All large tech companies are cutting staff now. Microsoft for instance has a strict hire freeze, and Nadella was talking this week about a though time ahead, probably preparing the ground.
In the current context, 10% or 15% doesn't make any differences to the news cycle, so they may as well go for it now and be drastic.
There will be rolling lay off. Hiring was way out of whack. Salaries are too high. Reduce Opex by cutting head count, especially high salaried personnel to increase stock price. Cutting more than 10% at one time will substantially impact the business and customers. This will slow down once there is a balance of headcount and resources. Further Opex reduction is done by swapping for lowering salary resource or long tenure.

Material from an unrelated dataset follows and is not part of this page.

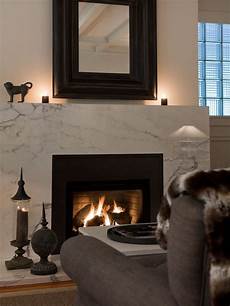 Granite Facing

What does Salesforce do that low price cloud companies don't do cheaper, faster and better? It was great in 2005 when it was a superior low cost enterprise alternative to things like Peoplesoft, Microstrategy, or some nightmare of a custom Oracle solution (which Salesforce basically was).
Now you can get 90% of the functionality across all services for an undercapitalized startup on a shoestring budget, and these ERP/CRM/reporting solutions scale up to the enterprise nowadays. Do you need a mishmash of these products? Maybe, but that's no different than services from Salesforce.
Imagine that Salesforce acquired by private equity after years of declining profits, and you want to maximize your investment returns on that portfolio in a hurry. That's the kind of hungry mentality that Salesforce needs to have more and in the future.